3. The method of claim 1, wherein step (c) comprises:

obtaining, as the second plurality of factor values, one or more or more of: an average character size of the fax document, a standard deviation of character size of the fax document, a ratio of character size at a first percentile value over character size at a second percentile value of the fax document, a difference between average of density of text areas of the fax document and a predefined density value, and a standard deviation of density of text areas of the fax document.

4. The method of claim 3, wherein the density of text area is defined as a number of words per square inch, or a number of characters per square inch, or pixel density.

5. The method of claim 1, wherein step (d) comprises:

obtaining from stored statistical data, as the third plurality of factor values, a number of fax documents from the sender that has been previously determined to be unwanted by the fax machine, a number of fax documents from the sender that has been previously determined to be unwanted by a user, a numbers of fax documents from the sender that has been previously determined to be legitimate by the fax machine, and a numbers of fax documents from the sender that has been previously determined to be legitimate by the user.

6. The method of claim 1, further comprising, after steps (a) through (d) and before step (e),

(g) calculating an overall relevance value using the first, second and third plurality of factor values and a plurality weighting factors, each weighting factor being associated with one factor value of the first, second and third plurality of factor values; and

wherein step (e) comprises determining whether the received fax document is unwanted or legitimate by comparing the overall relevance value with a threshold value.

7. The method of claim 1, wherein step (a) further comprises calculating a first relevance value using the first plurality of factor values and a first plurality weighting factors, each of the first plurality of weighting factors being associated with one of the first plurality of factor values;

wherein step (b) further comprises calculating a second relevance value using the second plurality of factor values and a second plurality weighting factors, each of the second plurality of weighting factor being associated with one of the second plurality of factor values;

wherein step (c) further comprises calculating a third relevance value using the third plurality of factor values and a third plurality weighting factors, each of the third plurality of weighting factor being associated with one of the third plurality of factor values; and

wherein step (e) comprises determining whether the received fax document is unwanted or legitimate by comparing the first, second and third relevance values with respective first, second and third threshold values.

8. The method of claim 1, wherein step (f) further includes, when the received fax document is determined to be unwanted, displaying an alert on the fax machine.

9. The method of claim 1, wherein step (f) further includes, when the received fax document is determined to be unwanted, moving the fax document into a junk folder.

10. The method of claim 9, further comprising:

(h) after step (f), receiving one or more user inputs representing user actions, wherein the user actions include one or more of: printing the fax document, reprinting the fax document, forwarding the fax document, deleting the fax document, moving the fax document to the junk folder, and moving the fax document out of the junk folder;

(i) based on the user actions in step (h), making a confirmed determination of whether the received fax document is unwanted or legitimate; and

(j) storing the user actions received in step (h) and/or the confirmed determination in step (i) in association with the identification of the sender of the fax document as a part of the statistical data.

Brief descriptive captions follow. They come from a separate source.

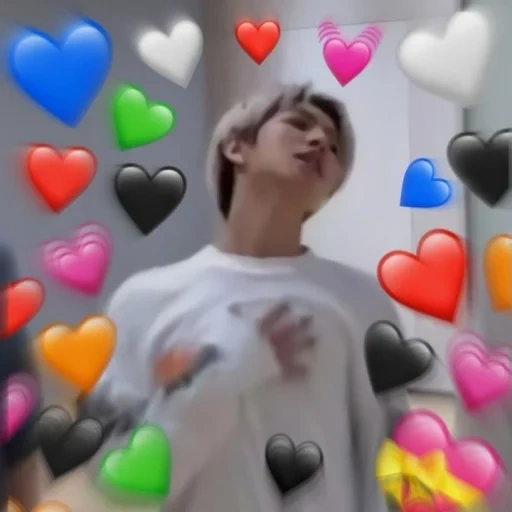 estou enviando corações, bts hosok heart, corações picci, hosok com corações, coreanos com corações com um meme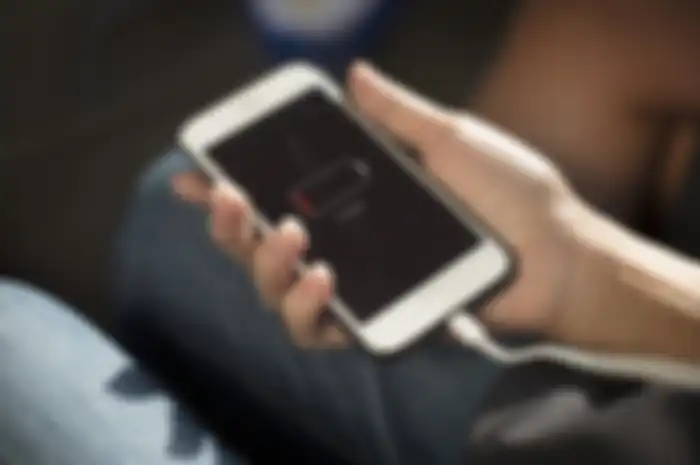 Jangan Sepelekan, 3 Kesalahan ini Bisa Menjadi Penyebab Baterai Ponsel Meledak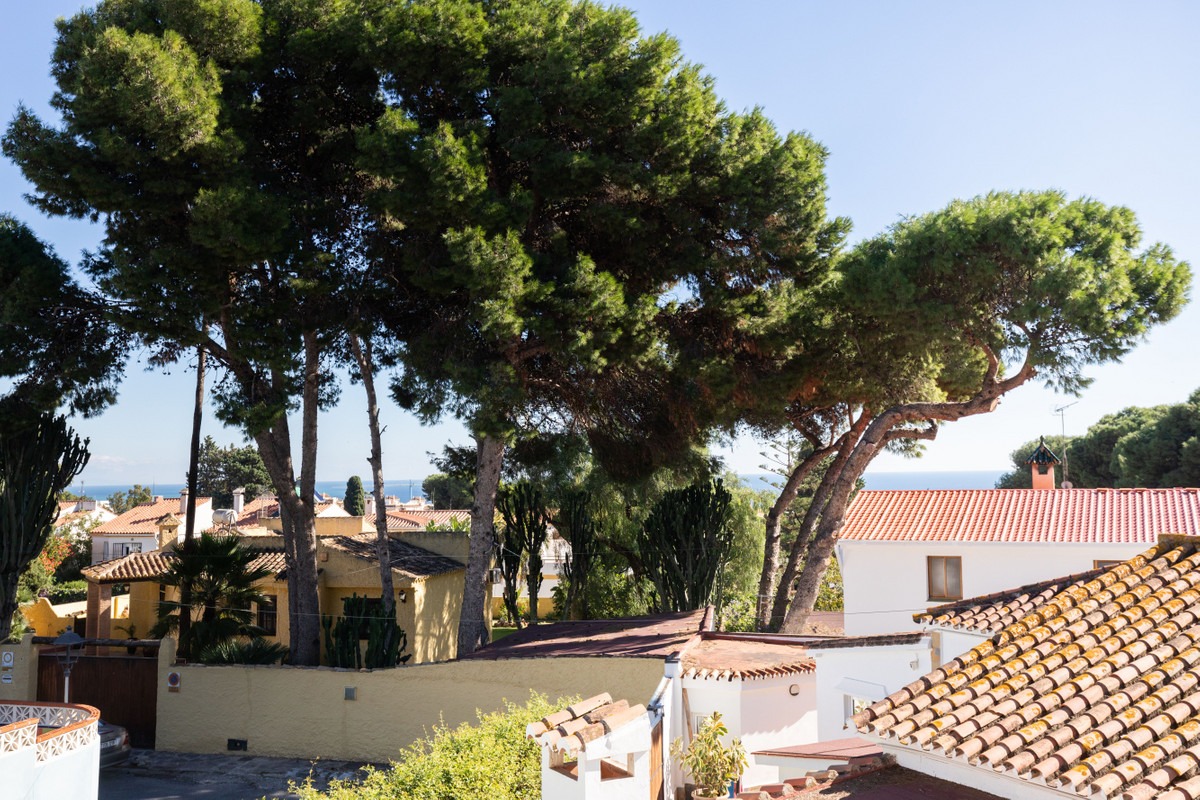 Townhouse in Torremolinos — photo 1 of 39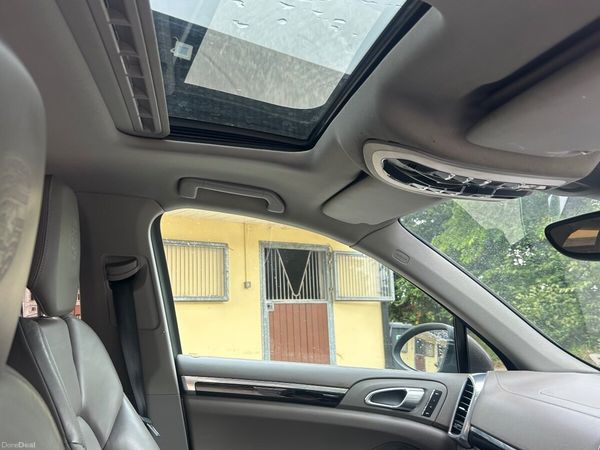 Porsche Cayenne SUV, Diesel, 2010, Grey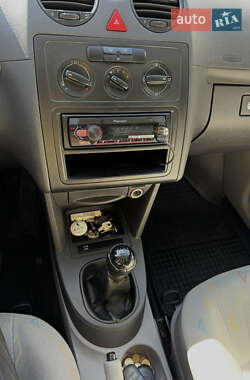 Грузовой фургон Volkswagen Caddy 2009 в 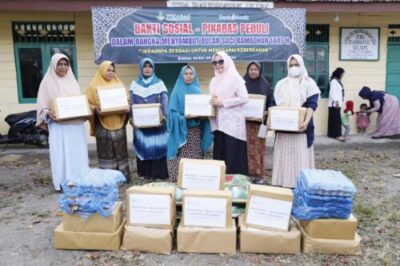 Menyambut datangnya bulan suci Ramadhan, Persatuan Istri Karyawan Bank Aceh Syariah (PIKABAS) menyalurkan paket sembako kepada masyarakat di sejumlah gampong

11. The method of claim 10, further comprising

(k) maintaining a plurality of user accounts;

(l) wherein each user input in step (h) is associated with a user account.

12. A fax machine comprising:

a scanning section for scanning hard copy documents to be sent as fax;

a printing section for printing received fax documents;

a communication interface section for transmitting and receiving fax documents;

a user interface section for receiving user input;

a memory for storing a computer readable program code and data; and

a processing section for executing the computer readable program code stored in the memory to control the fax machine to perform a process which comprises:

(a) performing optical character recognition on the image to extract textual content of the received fax document;

(b) analyzing the textural content to obtain a first plurality of factor values;

(c) analyzing patterns of the image to obtain a second plurality of factor values;

(d) performing statistical analysis based on stored statistical data and a detected identification of a sender of the fax document to obtain a third plurality of factor values;

(e) determining whether the received fax document is unwanted or legitimate based on the first, second and third plurality of factor values; and

(f) when the received fax document is determined to be legitimate, printing the fax document, and when the received fax document is determined to be unwanted, either printing the fax document using a lower image quality or saving the fax document in the fax machine without printing it.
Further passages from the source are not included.